Maybe I wasn't clear -- most houses have a single panel with multiple circuit breakers. Each breaker services a separate circuit. Each circuit represents a single run (hot, neutral and ground) from the panel to the destination. Only really old houses that haven't been upgraded use fuses. The panel itself has two buses, one for each 110v leg, a common neutral bus and a ground bus, a main breaker which controls the entire panel. The legs aren't switchable.
The fuzzy part is the "destination". Since each circuit is usually breakered for 15A it can support more than a single outlet or light fixture. When an electrician wires the circuits, they commonly will run the cable from the panel to, say, a socket and then feed off the socket's secondary terminals (or via wirenut splice) to another close by socket or light fixture. And "close by" doesn't mean "in the same room" or "the same type of connection" -- if there was another socket on the other side of the wall installed at the same time, because the distance is close and it's easy for the electrician they will often connect that socket to the same circuit as the first one.
What you end up with is basically a parallel circuit of devices (light fixtures and sockets) that are close together "as the crow flies" but not necessarily in the same room or a common type of connection (socket or light fixture). This is especially true of remodels or small-scale room re-dos or where people have wanted additional outlets and rather than rip out a bunch of drywall, they will tap from the closest place they can.
Large draw devices (central AC, electric stove, hardwired electric heaters or furnaces) will have their own, dedicated high-current breaker at the panel and a dedicated run from the panel to the device.
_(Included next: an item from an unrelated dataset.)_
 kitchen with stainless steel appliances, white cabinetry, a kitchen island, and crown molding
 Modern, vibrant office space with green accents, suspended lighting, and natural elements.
It used to be allowed years ago to even tap off one leg of a 240v circuit to get a 110v, but codes are tighter and these days a new install will require a dedicated run.
So what you usually end up with a single panel with a handful of dedicated breakers for high-current and 240v devices and then a bunch of other breakers which control the outlets and fixtures in a specific area, but which may also control other outlets/fixtures "nearby" often with no logic other than what made sense for the electrician when the wiring was done.
What I think is needed is much stricter cabling standards and structured panels. One panel should control lighting with a dedicated breaker for each room and ONLY fixtures IN THAT ROOM connected to it. Another panel should control general purpose outlets by room. A third panel should control high load devices (electric stove, central AC, other major electric appliances). A fourth panel for "mandatory devices" you would always want priority given to, such as refrigerators, furnace blower motors for gas or oil furnances, etc, perhaps a few "emergency" outlets for computers or USB chargers).
With a properly structured panel system a transfer switch could then feed the lighting and mandatory device panels but leave the high power devices and general outlets off until mains power is restored without risking overload of the backup source or from vampire loads connected to standard outlets that aren't critical during a power outage. Of course this is a lot more expensive to install because you need much more cabling, more panels and more wall space to place the panels.
A better option, IMHO, would be a smart panel or maybe even smart breakers which could be individually controlled so that you can assign the basic panel "values" and determine which ones to run under specific non-grid scenarios. Such a control system tied into the backup system's monitoring and capacity could then switch off or on circuits as power was available or as loads were brought up/down.